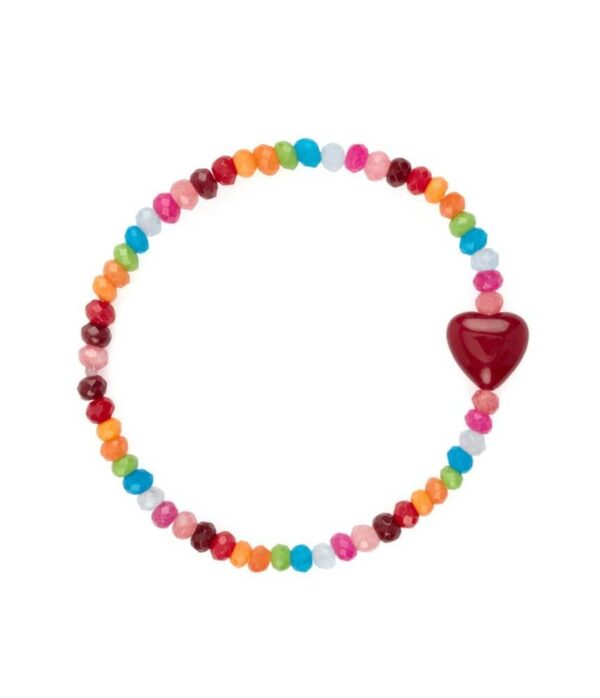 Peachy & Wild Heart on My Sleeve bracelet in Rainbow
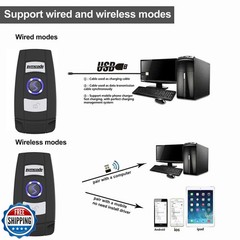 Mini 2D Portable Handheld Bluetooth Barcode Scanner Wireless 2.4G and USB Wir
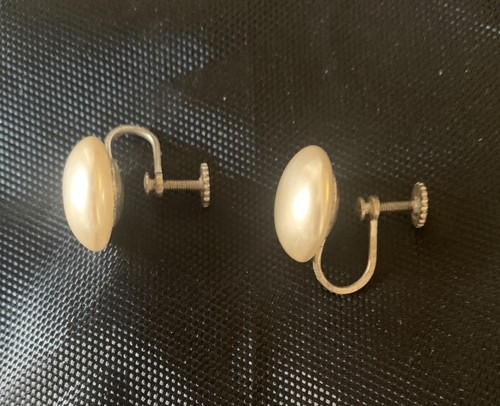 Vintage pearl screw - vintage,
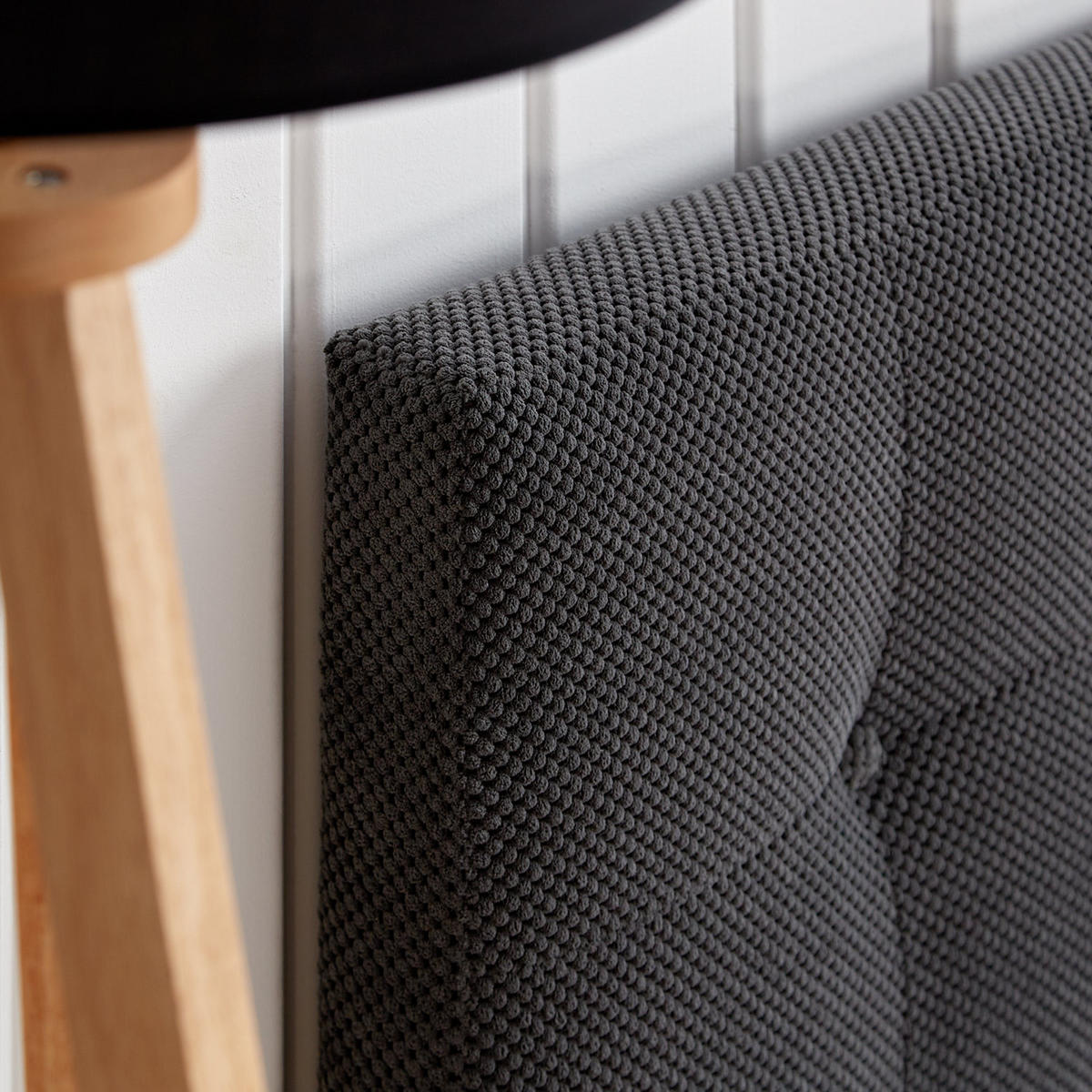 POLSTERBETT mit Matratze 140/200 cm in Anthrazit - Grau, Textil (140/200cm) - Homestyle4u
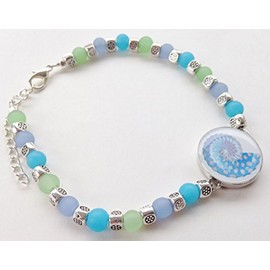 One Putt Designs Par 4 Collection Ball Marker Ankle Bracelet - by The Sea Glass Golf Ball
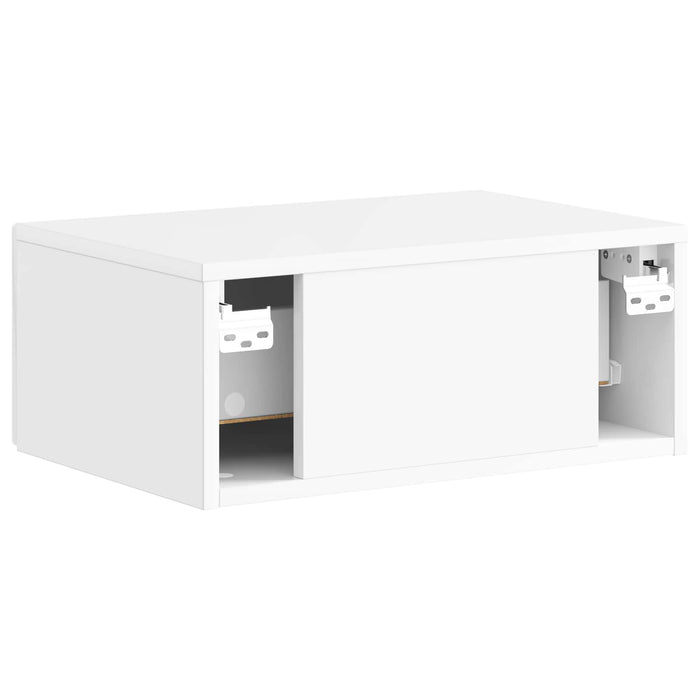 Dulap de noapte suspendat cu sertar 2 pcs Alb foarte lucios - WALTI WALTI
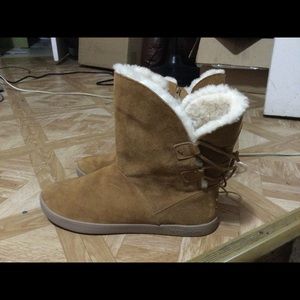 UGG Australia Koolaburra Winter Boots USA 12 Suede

Task goal
Only the lines from the one containing "Mini 2D Portable" through the last line of the entries should be transcribed, exactly and with no pictures.

Written answer
 Mini 2D Portable Handheld Bluetooth Barcode Scanner Wireless 2.4G and USB Wir
 Vintage pearl screw - vintage,
 POLSTERBETT mit Matratze 140/200 cm in Anthrazit - Grau, Textil (140/200cm) - Homestyle4u
 One Putt Designs Par 4 Collection Ball Marker Ankle Bracelet - by The Sea Glass Golf Ball
 Dulap de noapte suspendat cu sertar 2 pcs Alb foarte lucios - WALTI WALTI
 UGG Australia Koolaburra Winter Boots USA 12 Suede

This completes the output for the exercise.